There is hardly a street corner, a stop sign, or a stretch of highway that does not bring back flashes of memory. I stood on that plot of grass, took photos of the flooding at my church, and then sent them to a friend. I walked past the giant number “9” at West 57th in New York City with another friend, on our way to the Hard Rock Café. There is a house on the back way into the Paoli Shopping Center that my father told us belonged to Chester Gould, the illustrator and writer of the Dick Tracy comic strip. This seems as dubious a claim as that Dr. Seuss lived in a house visible on the hill above Yellow Springs Road—my father had a predilection for harmless invention.

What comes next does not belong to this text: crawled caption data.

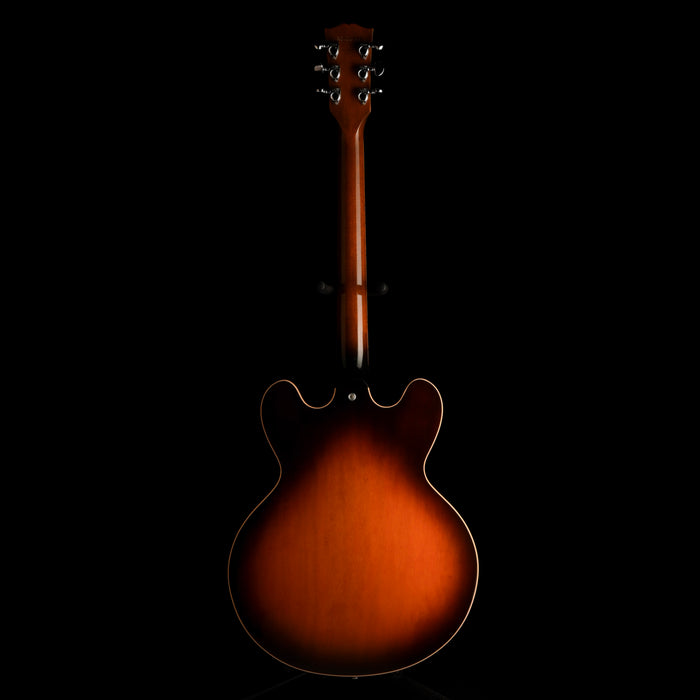 Pre Owned 1988 Gibson ES-335 Sunburst Electric Guitar With OHSC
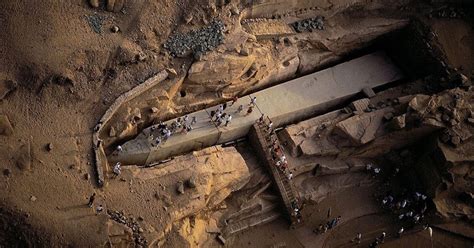 Unfinished Obelisk in Aswan is More Than 3,500 Years Old
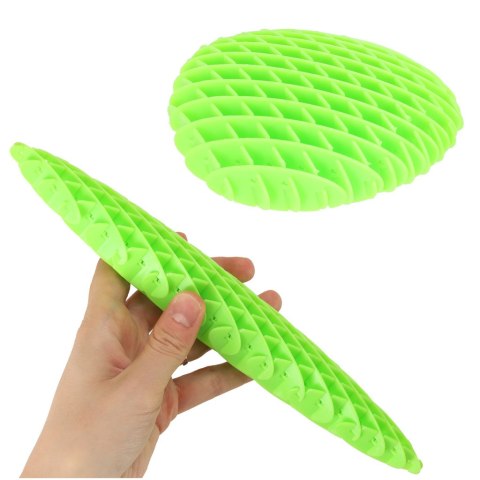 Fidget Worm zabawka sensoryczna antystresowa do rozciągania zielony Kik Sp. z o. o. Sp. k.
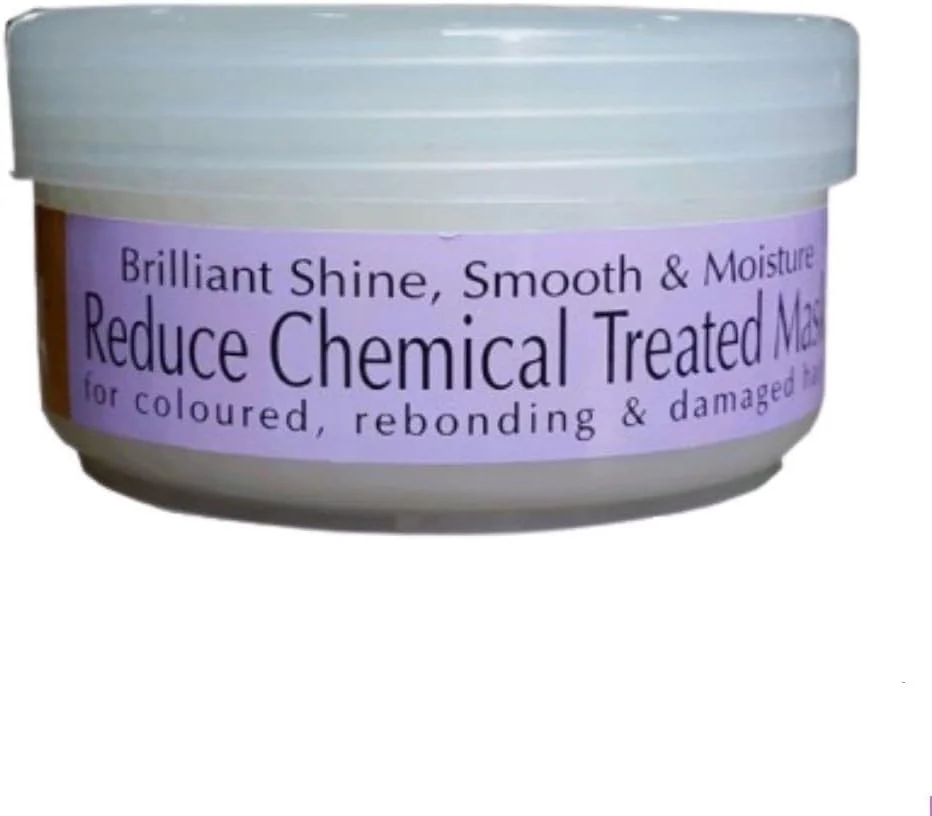 ماسک موی رنگ شده، فر شده و صاف شده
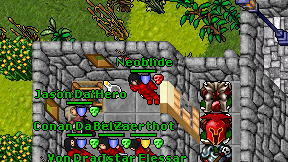 Neoblide on screen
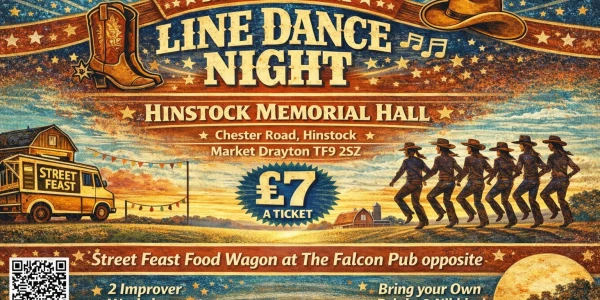 June Retro-Mix Line Dance Night with Mike & Brenda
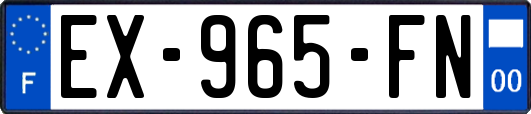 EX-965-FN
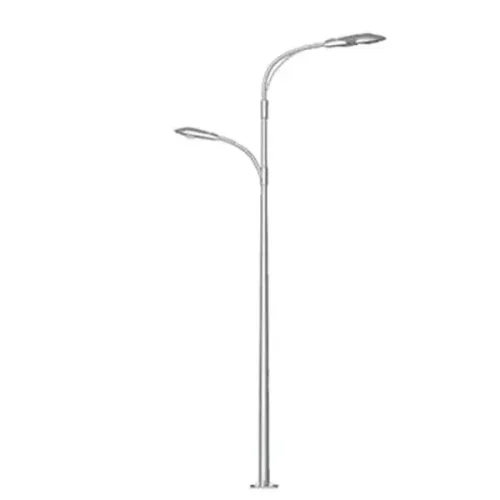 high and low light pole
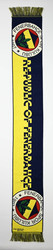 REPUBLIC OF FENERBAHCE SCARF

Before I learned the names of streets (which are still all but meaningless to me), I carried vast mental maps of all the places I had been. Even now, some fifty years later, those old memory maps are vivid. When I travel to places where I lived or visited as a child, I see two (or more) places at once—the heights of trees and plants, the placement of curbs, buildings, or playground equipment, and sometimes even the sunshine or snow shimmer against each other. I know which one is real now, but the other waking dream of a place asserts itself.
I have read that places become memorable when significant emotional events have taken place there. Memory formation is my hobby horse. What constitutes a significant emotional event? What allows the creation of two, three, four, more memories to occupy a single green exit sign on the Route One into Bath, Maine?
I am moving from a place that I have lived for fourteen years and heading to a place that is entirely new. I try to venture forward without insisting on emotions—instead of North, South, East, and West the cardinal emotions of Joy, Anxiety, Hope, and Despair each create on some new direction, some new map point. And yet, I have taken my daughter, and watched as she skipped down Main Street in Warrenton, or happily ate blackberry ice cream at Moo Thru in Remington. A place takes shape and becomes part of the memory planet on which I walk.